What the exercise asks: Repeat every line of the data exactly; no picture belongs in the copy.

(Data extracted from a collection)

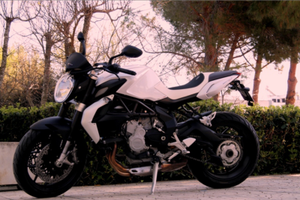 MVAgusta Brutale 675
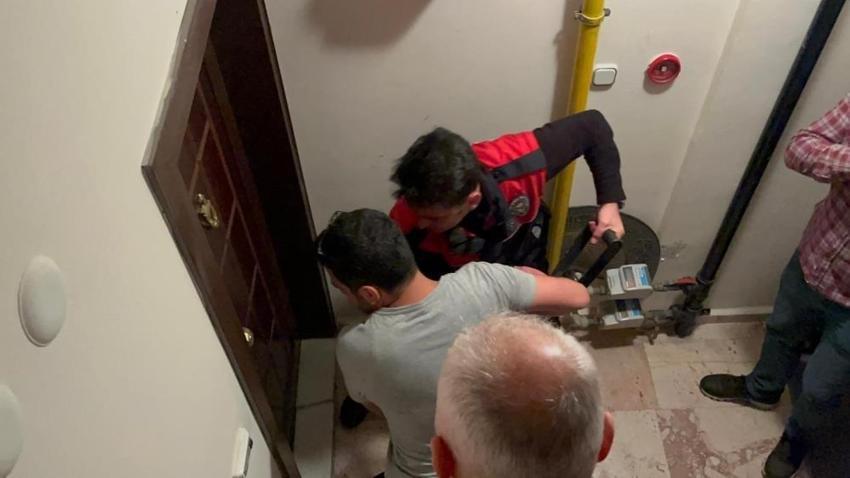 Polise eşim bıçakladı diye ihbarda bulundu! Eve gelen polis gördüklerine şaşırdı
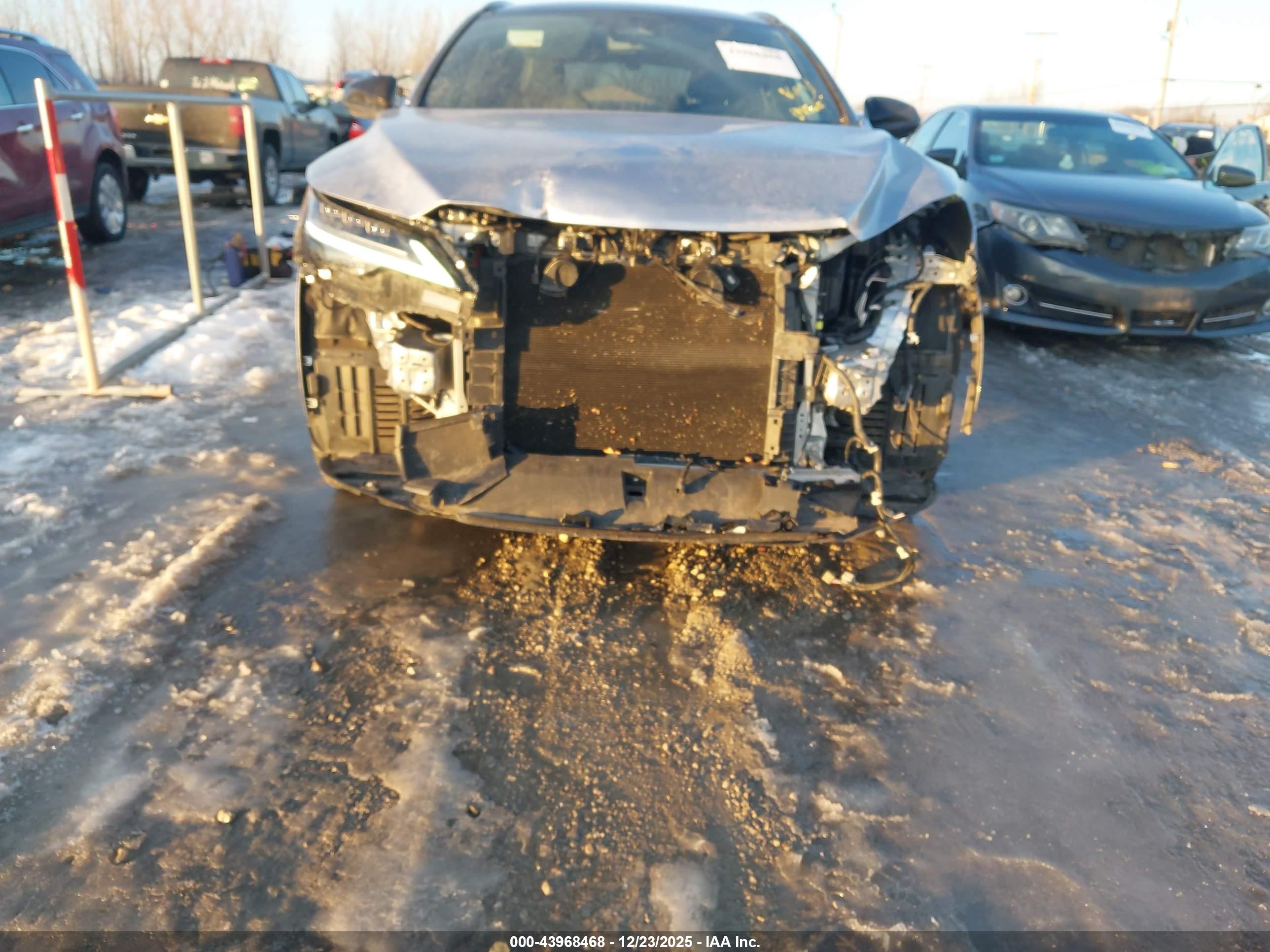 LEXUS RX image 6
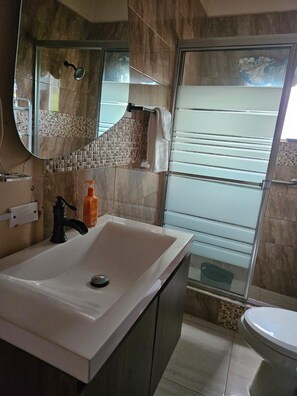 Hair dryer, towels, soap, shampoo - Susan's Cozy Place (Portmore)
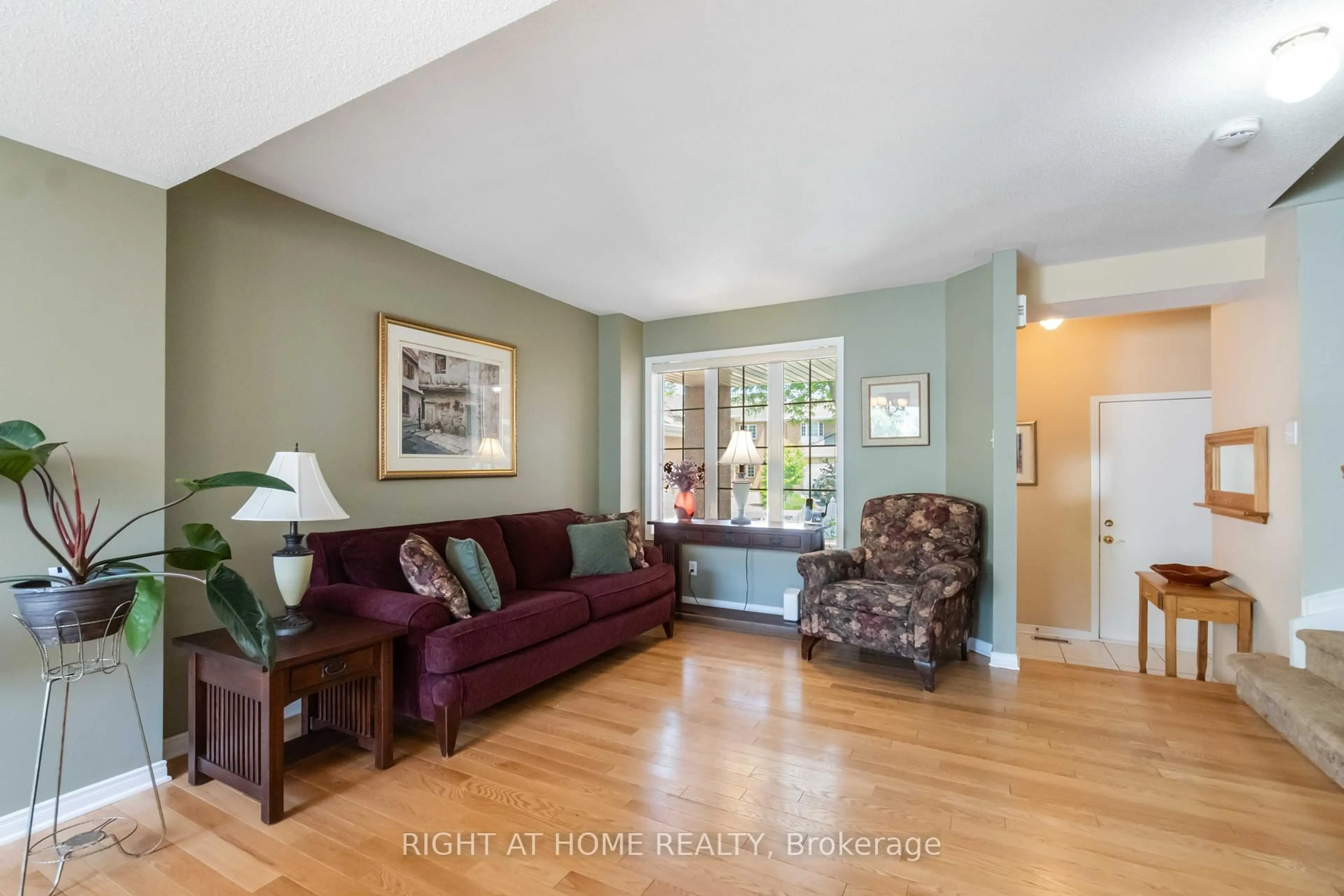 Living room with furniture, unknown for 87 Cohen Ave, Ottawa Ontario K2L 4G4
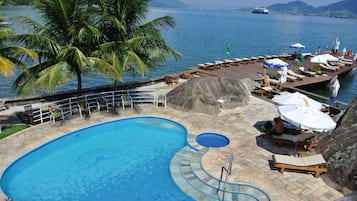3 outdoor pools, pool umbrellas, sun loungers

Answer area:
 MVAgusta Brutale 675
 Polise eşim bıçakladı diye ihbarda bulundu! Eve gelen polis gördüklerine şaşırdı
 LEXUS RX image 6
 Hair dryer, towels, soap, shampoo - Susan's Cozy Place (Portmore)
 Living room with furniture, unknown for 87 Cohen Ave, Ottawa Ontario K2L 4G4
3 outdoor pools, pool umbrellas, sun loungers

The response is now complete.